Sabemos das limitações de nossa função literária e jornalística, em um país que se esquece de seus problemas num grito de gol, no carnaval ou numa roda de samba, e onde o analfabetismo caminha pari passu com o semi-analfabetismo e a ignorância. Há um determinado gosto pelo conservadorismo, nota-se um indisfarçável cinismo em se lutar por uma ordem que, na realidade, é uma imoralidade, uma desordem consentida, que funciona em nome de uma minoria, que tem o poder de regular a máquina burocrática, que distribui a ração mínima para a subsistência e sobrevivência das grandes massas.
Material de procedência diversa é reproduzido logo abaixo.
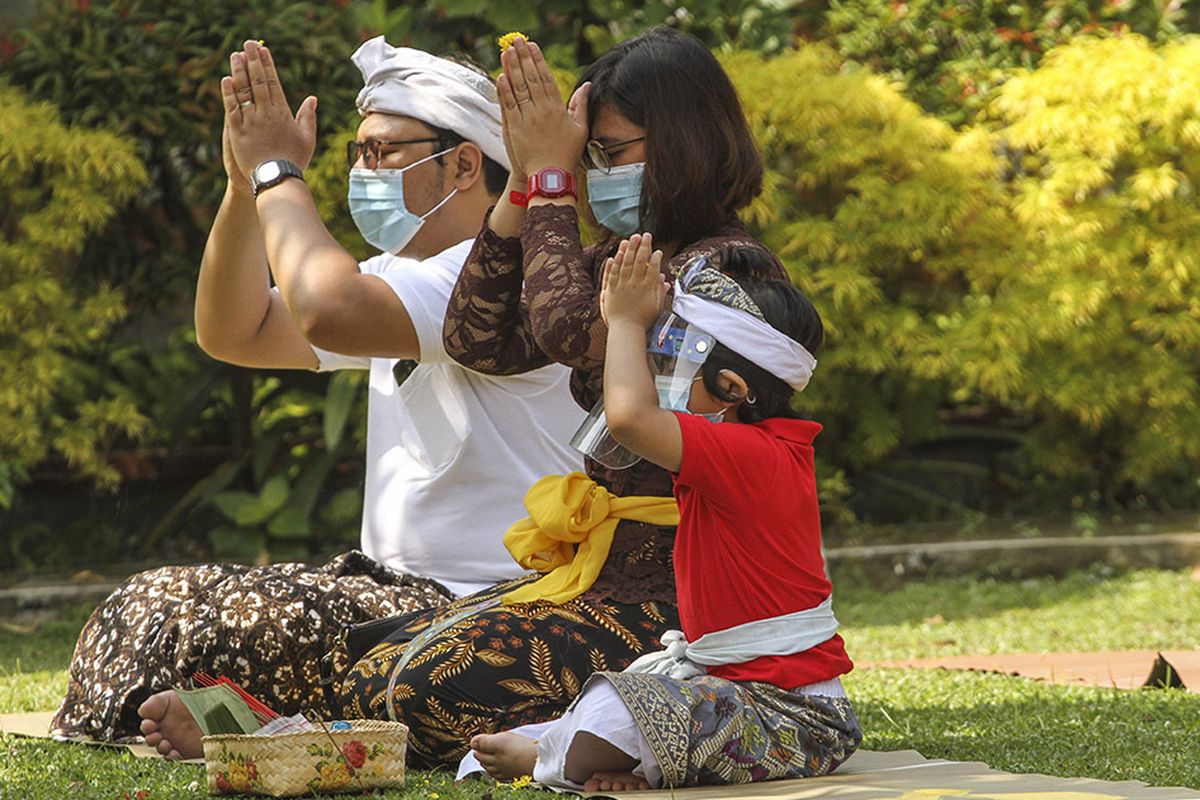 Umat Hindu beribadah saat merayakan hari raya Galungan di Pura Amerta Jati, Jakarta Selatan, Rabu (16/9/2020). Persembayangan Hari Raya Galungan dilakukan di tengah pandemi COVID-19 dengan menerapkan protokol kesehatan menggunakan masker dan menjaga jarak.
O ditador líbio Kadafi, há mais de quatro décadas no poder e que, ainda assim ou por isso mesmo, se tornou homem de confiança e interlocutor entre o Oriente e o Ocidente, agora tem os seus desmandos autoritários claramente estampados, enquanto o Congresso brasileiro se reúne por horas a fio, em cívico esforço dos representantes do povo, para conceder cinco reais de aumento à multidão de trabalhadores ativos e inativos (os aposentados e pensionistas), que têm seus salários regulados pelo salário mínimo e que contraditoriamente, dentro do decantado regime democrático, são transformados em cidadãos responsáveis pelo equilíbrio das contas públicas.
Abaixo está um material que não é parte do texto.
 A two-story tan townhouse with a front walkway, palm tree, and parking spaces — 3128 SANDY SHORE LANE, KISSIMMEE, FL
É muito triste constatar a paisagem-horizonte que nos assinala que nada avançamos em matéria de igualdade social, na qual prevalece o direito de uma meia dúzia de privilegiados, que tem os seus desejos colocados sempre acima dos anseios da maioria sofrida e padecendo em inconcebível estado de miséria. Em nosso romance “O Contador de Formigas”, introduzimos uma inaudita informação revelada por historiadores dando-nos conta de que, em uma antiga casa de ópera, em Ouro Preto, fora descoberta, durante trabalhos de restauração, uma porta que servia de acesso apenas aos operários, que deviam entrar pelos fundos e assistir às encenações em pé, mesmo que todas as cadeiras estivessem desocupadas.
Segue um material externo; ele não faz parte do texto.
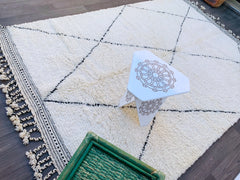 Looking for a custom-sized Moroccan Berber rug? This Beni Ourain wool carpet is hand-knotted by skilled artisans, offering plush comfort and durability. Its black-and-white diamond motifs bring boho-chic elegance to any room—perfect for modern, farmhouse, or global-inspired decor. Choose from various dimensions (up to 323x198 cm) and enjoy fast shipping in India, Europe, and the US. A sustainable, fair-trade choice for those who love authentic ethnic textiles. 70% OFF deals available on Etsy and other trust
Para os puristas, os amantes do tudo ou nada, os cristãos e ateus radicais, os moralistas da modernidade, os agentes de plantão dos proclamados direitos humanos, a constatação de um fato desses – abertamente praticado, sem os panos-quentes da hipocrisia em que se embebe a sociedade de nossos dias – pode lhes parecer uma descabida e acintosa agressão, um ato discriminatório, um escândalo. Mas em comparação com o que hoje se pode observar, detectamos que a situação era pelo menos mais verdadeira. O pior é convivermos com palácios das artes hipoteticamente abertos a toda a população, quando de fato servem ou estão ao alcance tão-somente de uns poucos abastados com poder aquisitivo suficiente para pagar o preço alto de ingresso a seus espetáculos de arte e cultura.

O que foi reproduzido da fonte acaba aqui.